MATERIAL SHOWN Block Start

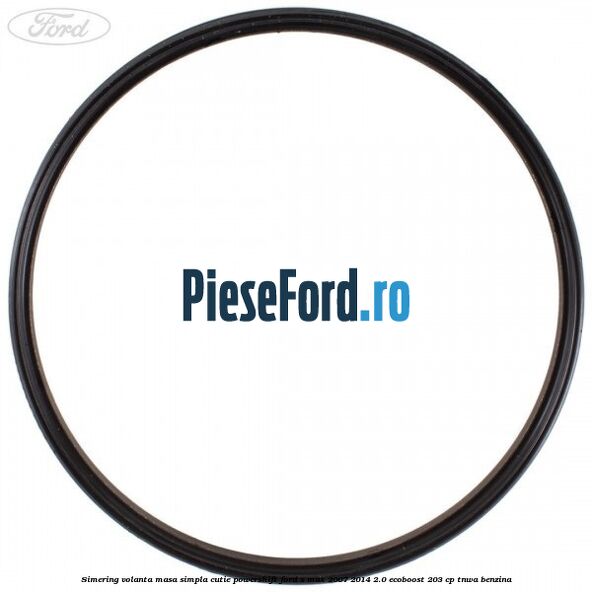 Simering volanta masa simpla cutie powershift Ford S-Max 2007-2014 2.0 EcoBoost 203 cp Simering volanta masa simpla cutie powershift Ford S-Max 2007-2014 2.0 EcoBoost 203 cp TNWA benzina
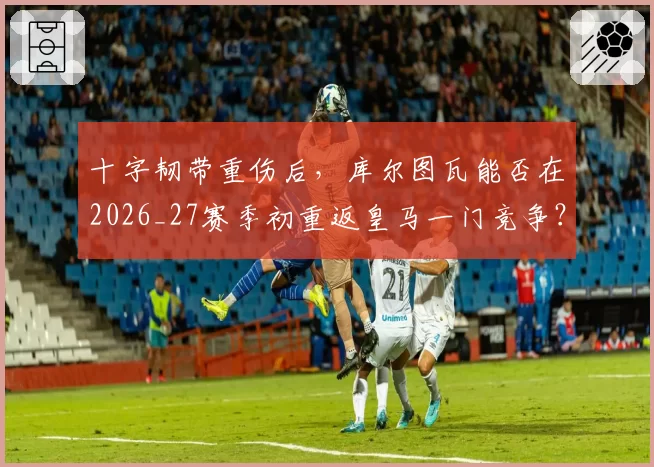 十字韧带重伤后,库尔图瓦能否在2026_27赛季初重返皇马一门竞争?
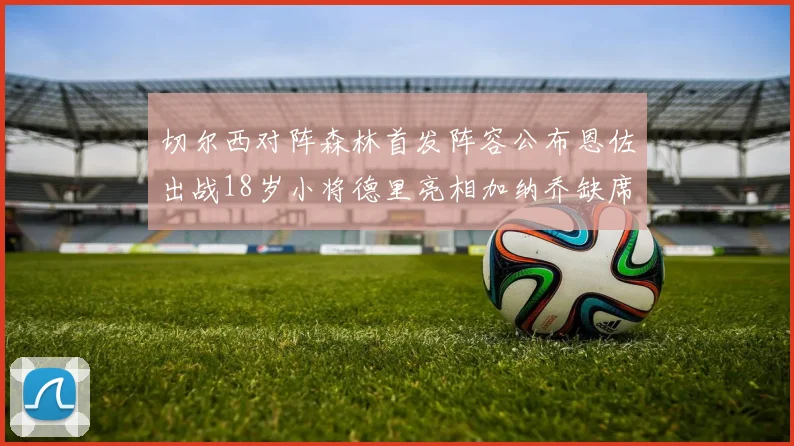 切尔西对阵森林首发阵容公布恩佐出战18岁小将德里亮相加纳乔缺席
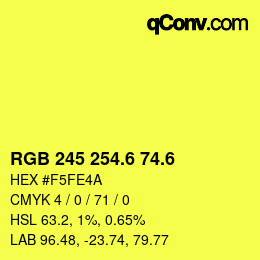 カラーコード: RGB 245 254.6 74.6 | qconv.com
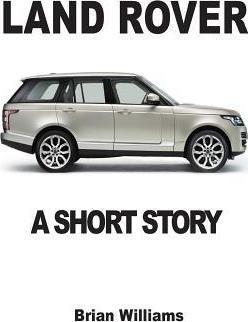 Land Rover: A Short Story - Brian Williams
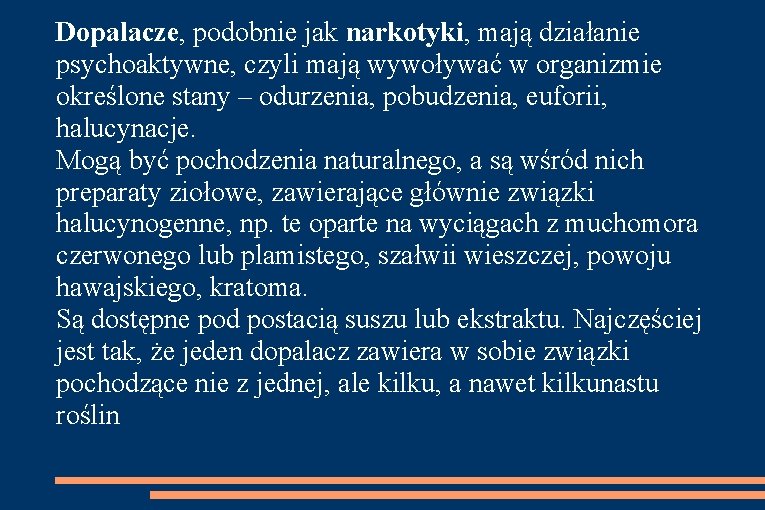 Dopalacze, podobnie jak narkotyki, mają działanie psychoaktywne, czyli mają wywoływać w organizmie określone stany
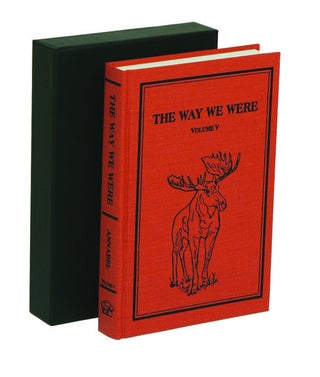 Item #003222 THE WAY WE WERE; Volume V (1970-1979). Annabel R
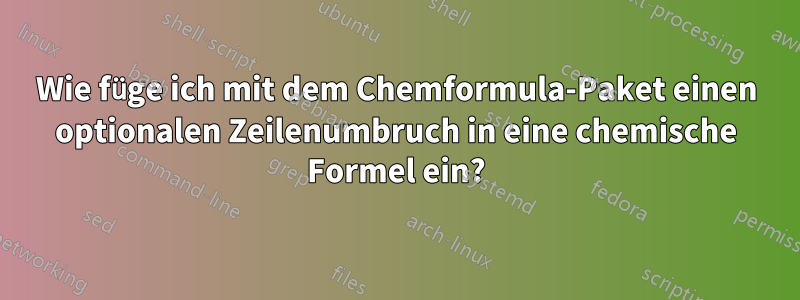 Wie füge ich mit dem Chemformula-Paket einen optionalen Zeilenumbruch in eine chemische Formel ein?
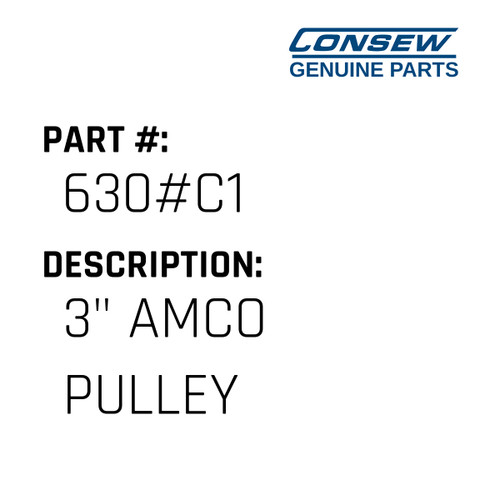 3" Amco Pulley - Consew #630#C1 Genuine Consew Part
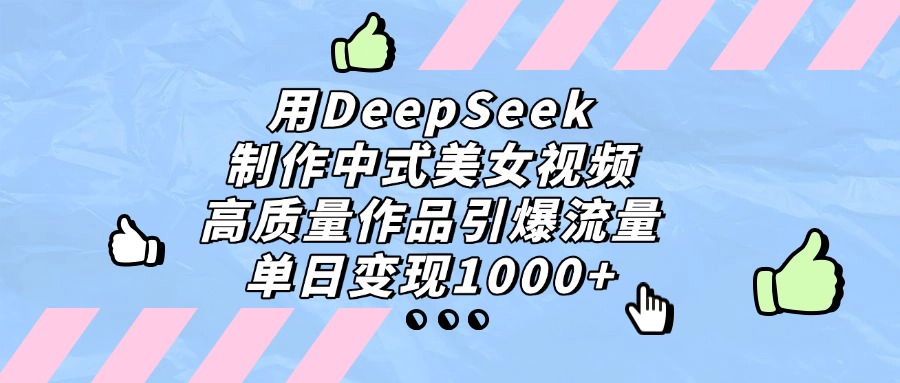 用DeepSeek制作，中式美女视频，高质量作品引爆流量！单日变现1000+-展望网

MATERIAL SHOWN Block End
MATERIAL SHOWN Block Start

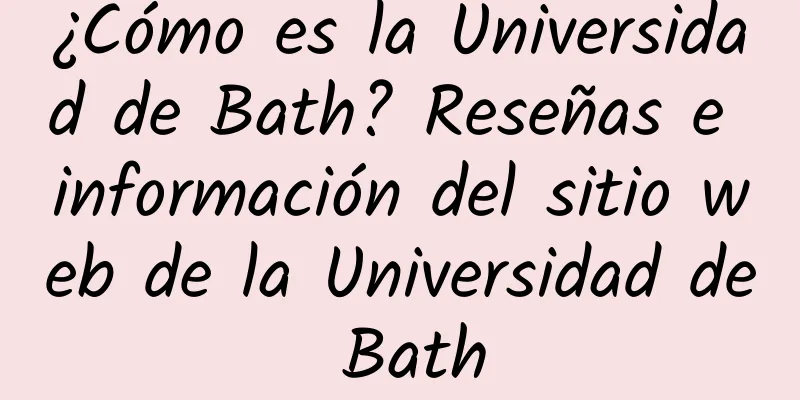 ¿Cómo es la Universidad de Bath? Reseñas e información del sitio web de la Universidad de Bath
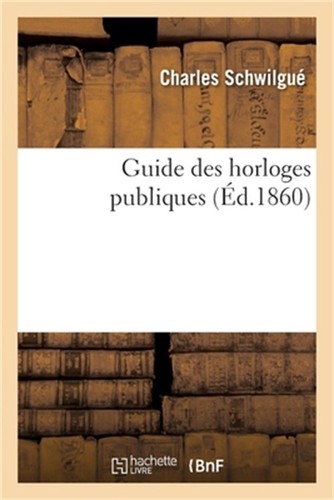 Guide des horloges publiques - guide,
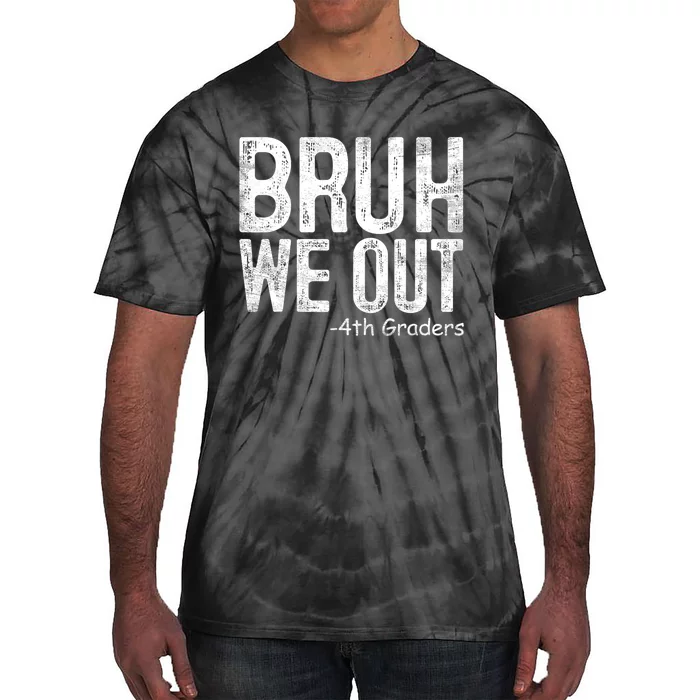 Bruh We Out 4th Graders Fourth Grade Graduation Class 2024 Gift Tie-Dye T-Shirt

MATERIAL SHOWN Block End

Beginning with the line that contains "Dopalacze, podobnie jak", write out the lines of the material above exactly, and end with the line that contains "用DeepSeek制作，中式". Omit the pictures.

▶ WRITTEN ANSWER:
 Dopalacze, podobnie jak narkotyki, mają działanie psychoaktywne, czyli mają wywoływać w organizmie określone stany
 Item #003222 THE WAY WE WERE; Volume V (1970-1979). Annabel R
 Wie füge ich mit dem Chemformula-Paket einen optionalen Zeilenumbruch in eine chemische Formel ein?
 3" Amco Pulley - Consew #630#C1 Genuine Consew Part
 用DeepSeek制作，中式美女视频，高质量作品引爆流量！单日变现1000+-展望网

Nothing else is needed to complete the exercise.